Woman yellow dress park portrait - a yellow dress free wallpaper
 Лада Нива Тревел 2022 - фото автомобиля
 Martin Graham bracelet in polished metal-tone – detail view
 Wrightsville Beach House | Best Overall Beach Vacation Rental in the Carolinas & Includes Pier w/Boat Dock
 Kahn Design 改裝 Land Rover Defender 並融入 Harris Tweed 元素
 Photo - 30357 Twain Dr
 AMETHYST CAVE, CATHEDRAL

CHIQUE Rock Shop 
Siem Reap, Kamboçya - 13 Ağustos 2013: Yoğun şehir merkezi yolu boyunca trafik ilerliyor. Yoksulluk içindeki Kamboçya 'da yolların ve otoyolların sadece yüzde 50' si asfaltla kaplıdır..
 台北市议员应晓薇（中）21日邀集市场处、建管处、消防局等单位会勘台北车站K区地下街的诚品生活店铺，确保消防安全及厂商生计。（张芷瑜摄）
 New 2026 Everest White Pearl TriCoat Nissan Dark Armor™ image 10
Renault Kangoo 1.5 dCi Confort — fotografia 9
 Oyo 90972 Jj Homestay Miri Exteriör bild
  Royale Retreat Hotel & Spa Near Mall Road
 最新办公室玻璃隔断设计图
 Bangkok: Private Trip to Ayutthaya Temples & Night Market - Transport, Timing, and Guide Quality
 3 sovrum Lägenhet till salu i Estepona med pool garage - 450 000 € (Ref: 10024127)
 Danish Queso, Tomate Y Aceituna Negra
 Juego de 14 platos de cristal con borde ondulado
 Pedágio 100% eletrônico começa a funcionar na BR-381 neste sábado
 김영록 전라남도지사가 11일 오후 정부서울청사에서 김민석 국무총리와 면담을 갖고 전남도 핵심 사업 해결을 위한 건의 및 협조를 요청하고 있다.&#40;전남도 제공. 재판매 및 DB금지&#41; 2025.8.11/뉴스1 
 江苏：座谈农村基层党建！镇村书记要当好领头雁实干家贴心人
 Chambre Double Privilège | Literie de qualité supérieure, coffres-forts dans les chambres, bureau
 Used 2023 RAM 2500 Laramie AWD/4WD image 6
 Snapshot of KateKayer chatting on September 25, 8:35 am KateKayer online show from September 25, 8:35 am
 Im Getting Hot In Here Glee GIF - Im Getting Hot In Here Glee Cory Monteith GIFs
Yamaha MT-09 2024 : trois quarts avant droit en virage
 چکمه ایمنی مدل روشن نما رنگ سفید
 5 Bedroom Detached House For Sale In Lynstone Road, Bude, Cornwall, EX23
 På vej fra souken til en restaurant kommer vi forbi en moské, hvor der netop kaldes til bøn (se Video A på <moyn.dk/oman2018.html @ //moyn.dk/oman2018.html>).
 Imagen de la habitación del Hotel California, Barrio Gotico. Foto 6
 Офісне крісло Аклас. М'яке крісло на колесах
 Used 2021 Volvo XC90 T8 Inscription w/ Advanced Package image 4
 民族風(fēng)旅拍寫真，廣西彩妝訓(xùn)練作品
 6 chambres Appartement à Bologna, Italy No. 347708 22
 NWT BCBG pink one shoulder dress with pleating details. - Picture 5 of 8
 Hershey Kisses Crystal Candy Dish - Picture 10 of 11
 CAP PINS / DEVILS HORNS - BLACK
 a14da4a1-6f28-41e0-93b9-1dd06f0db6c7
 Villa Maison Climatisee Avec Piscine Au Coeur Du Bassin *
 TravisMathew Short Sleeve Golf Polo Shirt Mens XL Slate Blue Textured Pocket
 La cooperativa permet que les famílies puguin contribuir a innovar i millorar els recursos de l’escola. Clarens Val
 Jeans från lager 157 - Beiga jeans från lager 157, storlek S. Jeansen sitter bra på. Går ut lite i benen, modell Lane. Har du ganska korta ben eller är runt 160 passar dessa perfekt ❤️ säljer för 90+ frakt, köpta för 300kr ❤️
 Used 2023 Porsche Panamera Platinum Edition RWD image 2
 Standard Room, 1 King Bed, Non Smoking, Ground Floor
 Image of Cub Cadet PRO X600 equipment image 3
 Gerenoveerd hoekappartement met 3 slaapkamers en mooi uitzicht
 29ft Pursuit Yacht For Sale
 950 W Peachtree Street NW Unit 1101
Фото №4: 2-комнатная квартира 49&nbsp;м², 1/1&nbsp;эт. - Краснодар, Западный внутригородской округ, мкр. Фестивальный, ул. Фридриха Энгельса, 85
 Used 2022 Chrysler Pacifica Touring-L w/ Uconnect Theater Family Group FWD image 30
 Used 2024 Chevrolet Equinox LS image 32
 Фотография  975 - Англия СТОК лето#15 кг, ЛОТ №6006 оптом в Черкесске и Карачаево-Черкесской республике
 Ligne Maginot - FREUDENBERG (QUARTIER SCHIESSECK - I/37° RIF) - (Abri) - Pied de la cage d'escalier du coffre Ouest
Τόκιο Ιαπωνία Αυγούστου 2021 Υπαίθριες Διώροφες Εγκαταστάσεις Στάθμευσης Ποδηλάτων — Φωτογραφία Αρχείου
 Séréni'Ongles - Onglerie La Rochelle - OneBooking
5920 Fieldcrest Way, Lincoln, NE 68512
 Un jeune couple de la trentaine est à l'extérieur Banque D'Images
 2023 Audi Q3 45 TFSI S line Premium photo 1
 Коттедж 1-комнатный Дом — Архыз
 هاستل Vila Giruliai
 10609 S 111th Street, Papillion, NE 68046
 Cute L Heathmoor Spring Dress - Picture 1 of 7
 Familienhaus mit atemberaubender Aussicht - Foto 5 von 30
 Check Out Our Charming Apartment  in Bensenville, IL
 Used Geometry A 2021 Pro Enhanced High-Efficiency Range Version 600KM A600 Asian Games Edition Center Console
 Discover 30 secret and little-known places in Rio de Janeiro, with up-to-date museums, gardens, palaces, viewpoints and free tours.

___

Assigned task: Reproduce exactly the entries above, limited to the lines from the one with "Yamaha MT-09 2024" through the one with "Un jeune couple", both included.

Answer section:
Yamaha MT-09 2024 : trois quarts avant droit en virage
 چکمه ایمنی مدل روشن نما رنگ سفید
 5 Bedroom Detached House For Sale In Lynstone Road, Bude, Cornwall, EX23
 På vej fra souken til en restaurant kommer vi forbi en moské, hvor der netop kaldes til bøn (se Video A på <moyn.dk/oman2018.html @ //moyn.dk/oman2018.html>).
 Imagen de la habitación del Hotel California, Barrio Gotico. Foto 6
 Офісне крісло Аклас. М'яке крісло на колесах
 Used 2021 Volvo XC90 T8 Inscription w/ Advanced Package image 4
 民族風(fēng)旅拍寫真，廣西彩妝訓(xùn)練作品
 6 chambres Appartement à Bologna, Italy No. 347708 22
 NWT BCBG pink one shoulder dress with pleating details. - Picture 5 of 8
 Hershey Kisses Crystal Candy Dish - Picture 10 of 11
 CAP PINS / DEVILS HORNS - BLACK
 a14da4a1-6f28-41e0-93b9-1dd06f0db6c7
 Villa Maison Climatisee Avec Piscine Au Coeur Du Bassin *
 TravisMathew Short Sleeve Golf Polo Shirt Mens XL Slate Blue Textured Pocket
 La cooperativa permet que les famílies puguin contribuir a innovar i millorar els recursos de l’escola. Clarens Val
 Jeans från lager 157 - Beiga jeans från lager 157, storlek S. Jeansen sitter bra på. Går ut lite i benen, modell Lane. Har du ganska korta ben eller är runt 160 passar dessa perfekt ❤️ säljer för 90+ frakt, köpta för 300kr ❤️
 Used 2023 Porsche Panamera Platinum Edition RWD image 2
 Standard Room, 1 King Bed, Non Smoking, Ground Floor
 Image of Cub Cadet PRO X600 equipment image 3
 Gerenoveerd hoekappartement met 3 slaapkamers en mooi uitzicht
 29ft Pursuit Yacht For Sale
 950 W Peachtree Street NW Unit 1101
Фото №4: 2-комнатная квартира 49&nbsp;м², 1/1&nbsp;эт. - Краснодар, Западный внутригородской округ, мкр. Фестивальный, ул. Фридриха Энгельса, 85
 Used 2022 Chrysler Pacifica Touring-L w/ Uconnect Theater Family Group FWD image 30
 Used 2024 Chevrolet Equinox LS image 32
 Фотография  975 - Англия СТОК лето#15 кг, ЛОТ №6006 оптом в Черкесске и Карачаево-Черкесской республике
 Ligne Maginot - FREUDENBERG (QUARTIER SCHIESSECK - I/37° RIF) - (Abri) - Pied de la cage d'escalier du coffre Ouest
Τόκιο Ιαπωνία Αυγούστου 2021 Υπαίθριες Διώροφες Εγκαταστάσεις Στάθμευσης Ποδηλάτων — Φωτογραφία Αρχείου
 Séréni'Ongles - Onglerie La Rochelle - OneBooking
5920 Fieldcrest Way, Lincoln, NE 68512
 Un jeune couple de la trentaine est à l'extérieur Banque D'Images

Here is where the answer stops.